Grupo de Neurociencias de Antioquia, Universidad de Antioquia, School of Medicine, Medellín, Colombia; Grupo Neuropsicología y Conducta, Universidad de Antioquia, School of Medicine, Medellín, Colombia.
Rev Colomb Psiquiatr (Engl Ed). 2023 Oct-Dec;52(4):305-313. doi: 10.1016/j.rcpeng.2023.11.004.
Mild Cognitive Impairment (MCI) is common in Parkinson's Disease (PD). Few studies have compared the Health-Related Quality of Life (HRQoL) in patients with and without MCI due to PD (PD-MCI), and its correlation to patients' subjective cognitive and communicative difficulties has not been explored.
We aimed to compare HRQoL in PD-MCI and PD without MCI (PD-nMCI), and explore its possible relationship to subjective cognitive and communicative complaints.
We included 29 PD-nMCI and 11 PD-MCI patients. The HRQoL was assessed with the Parkinson's Disease Questionnaire-39 (PDQ-39): its Cognition dimension was used as a measure of subjective cognitive complaints, its Communication dimension for subjective communicative complaints, and the summary index (PDQ-39 SI) as an indicator of HRQoL. Non-parametric partial correlations between the Cognition and Communication dimensions, and the adjusted PDQ-39 SI were conducted.
PD-MCI patients had greater subjective cognitive and communicative complaints and worse HRQoL than PD-nMCI patients. In the PD-MCI group, both subjective cognitive and communicative complaints exhibited significant direct correlations with the adjusted HRQoL scores.

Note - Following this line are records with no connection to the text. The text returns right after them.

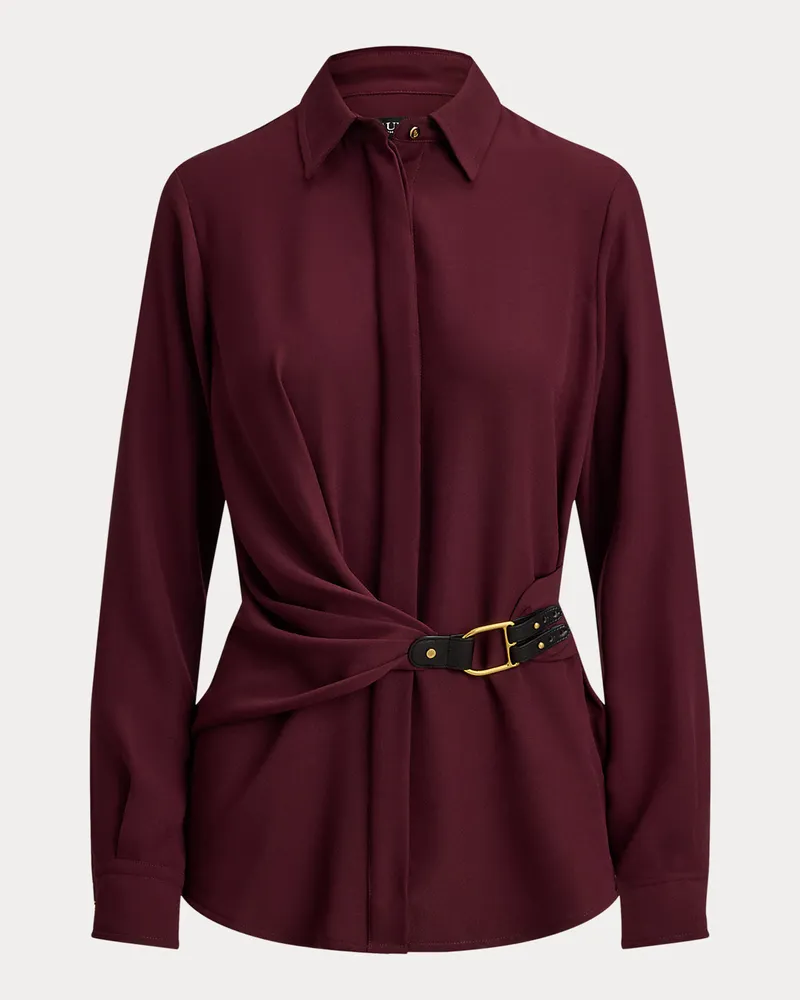 Ralph Lauren Georgette-Bluse mit Schnallenbesatz Red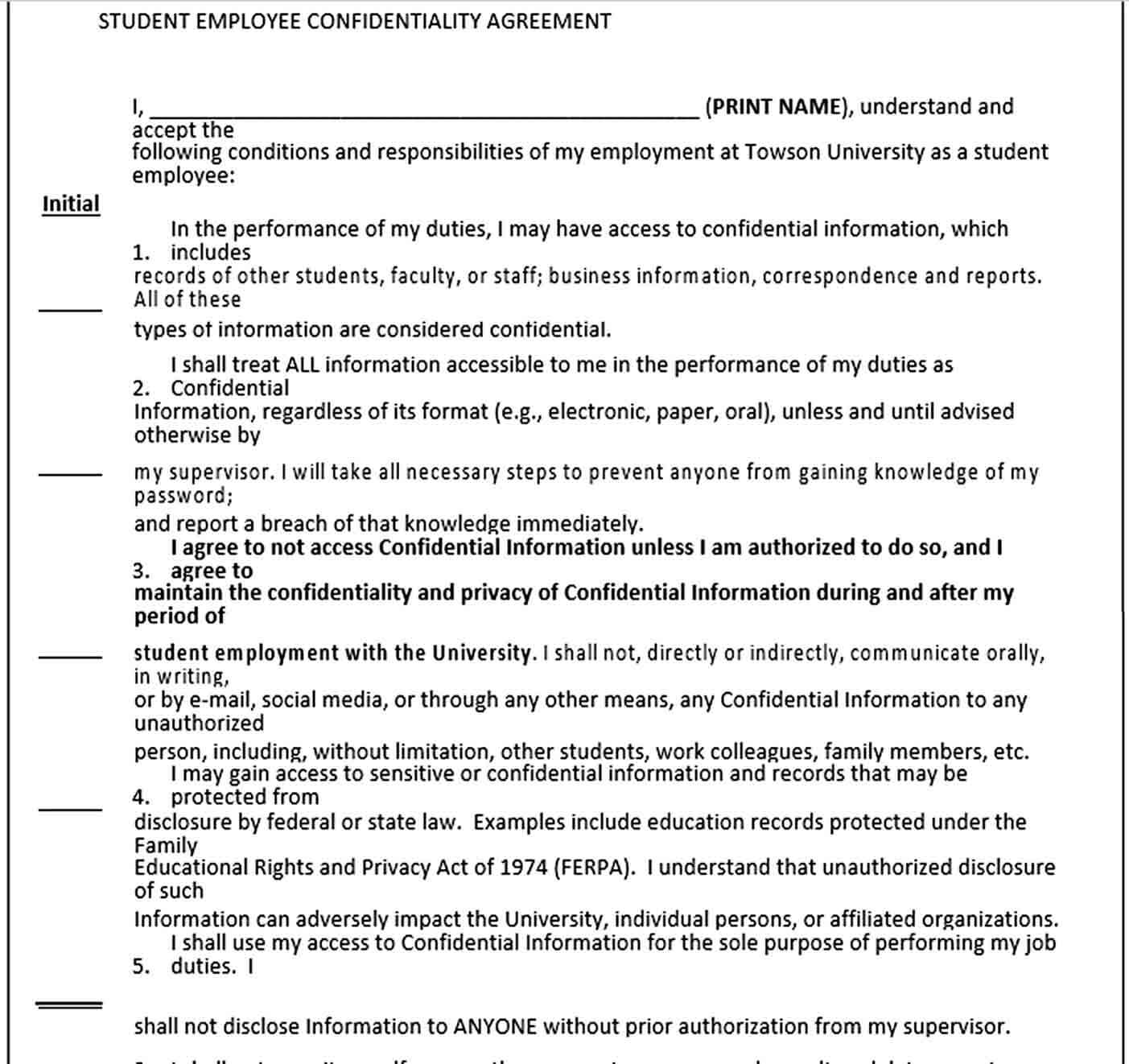 Sample Student Employment Confidentiality Agreement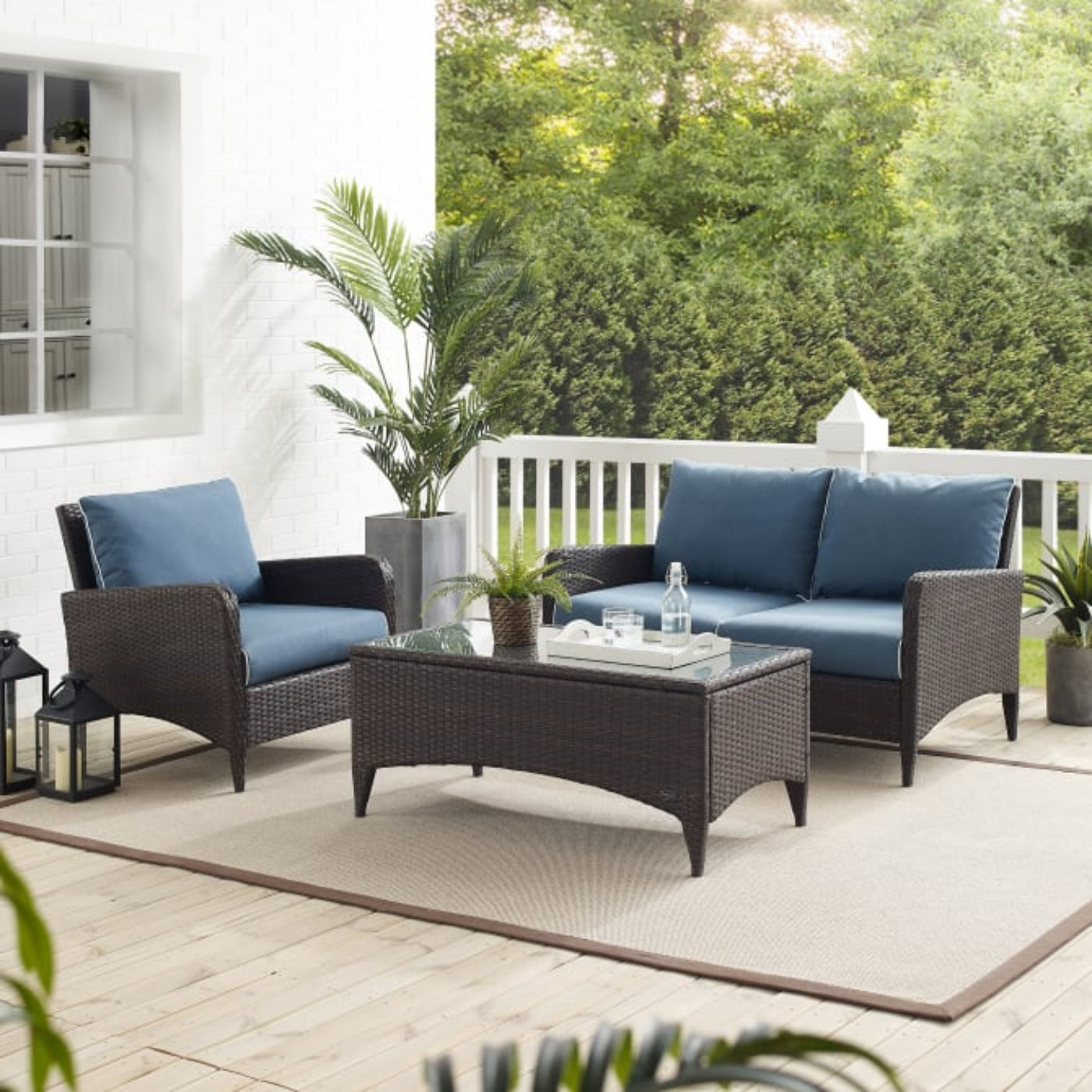 Crosley Kiawah 103 Inch 3pc Outdoor Wicker Conversation Set - KO70031BR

HRQoL seems to be affected in PD-MCI, and it might be influenced by greater subjective cognitive and communicative complaints. Including patient-reported outcome measures of HRQoL, and providing cognitive and speech rehabilitation, as well as psychotherapeutic strategies to face these deficits can enhance the patient-centred approach in PD.
轻度认知障碍(MCI)在帕金森病(PD)中很常见。很少有研究比较帕金森病合并轻度认知障碍(PD-MCI)患者与未合并轻度认知障碍的帕金森病(PD-nMCI)患者的健康相关生活质量(HRQoL),且尚未探讨其与患者主观认知和沟通困难的相关性。

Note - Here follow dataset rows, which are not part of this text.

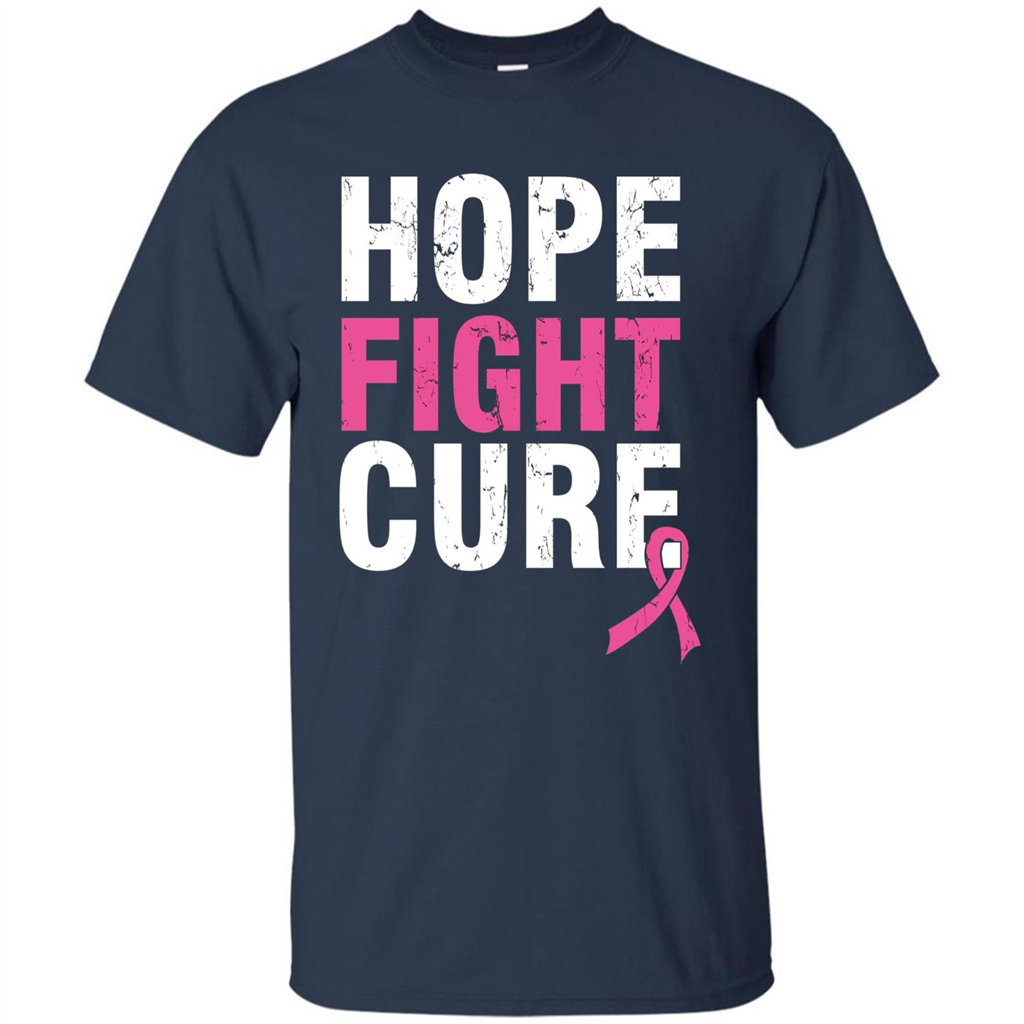 Breast Cancer Awareness T-shirt Hope Fight Cure Navy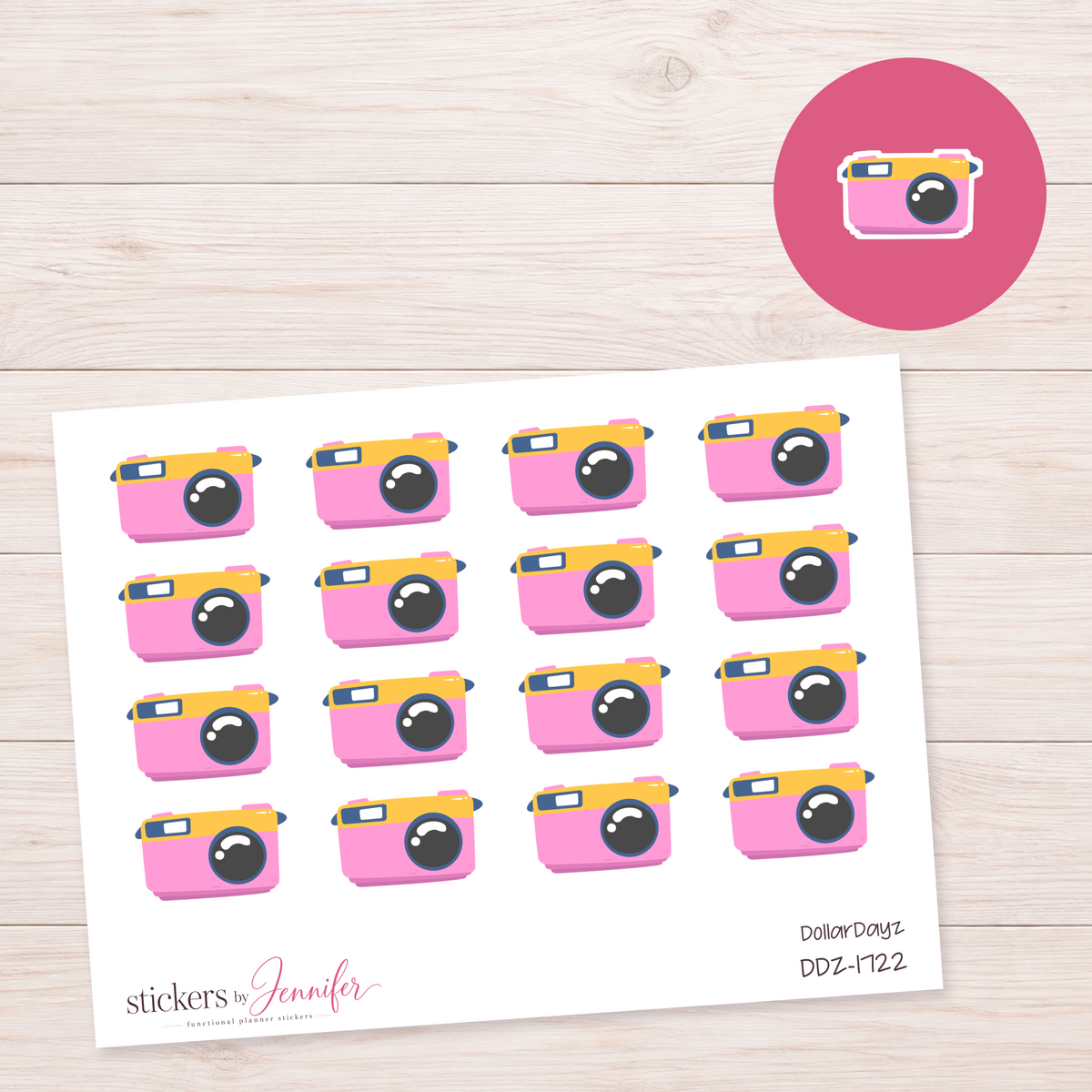 Pink and Yellow Camera Planner Stickers | DDZ-1722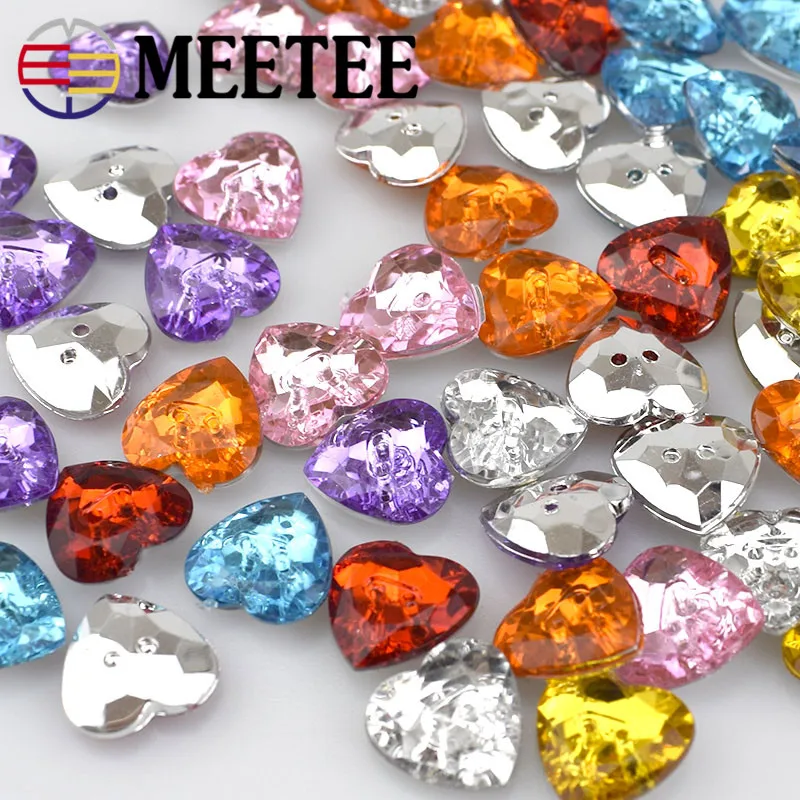 150pcs 2 Holes Heart Shape Silver Back acrylic Muticolor Crystal Button for Sewing Garment Supplies Accessory DIY Crafts AP2243 | Дом и сад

我们旨在比较PD-MCI患者与PD-nMCI患者的HRQoL,并探讨其与主观认知和沟通主诉的可能关系。
我们纳入了29例PD-nMCI患者和11例PD-MCI患者。使用帕金森病问卷-39(PDQ-39)评估HRQoL:其认知维度用作主观认知主诉的指标,沟通维度用于主观沟通主诉,汇总指数(PDQ-39 SI)作为HRQoL的指标。对认知维度与沟通维度以及调整后的PDQ-39 SI进行非参数偏相关分析。
与PD-nMCI患者相比,PD-MCI患者有更严重的主观认知和沟通主诉,且HRQoL更差。在PD-MCI组中,主观认知和沟通主诉均与调整后的HRQoL评分呈显著直接相关。
HRQoL在PD-MCI中似乎受到影响,可能受到更严重的主观认知和沟通主诉的影响。纳入患者报告的HRQoL结局指标,并提供认知和言语康复以及应对这些缺陷的心理治疗策略,可以加强以患者为中心的帕金森病治疗方法。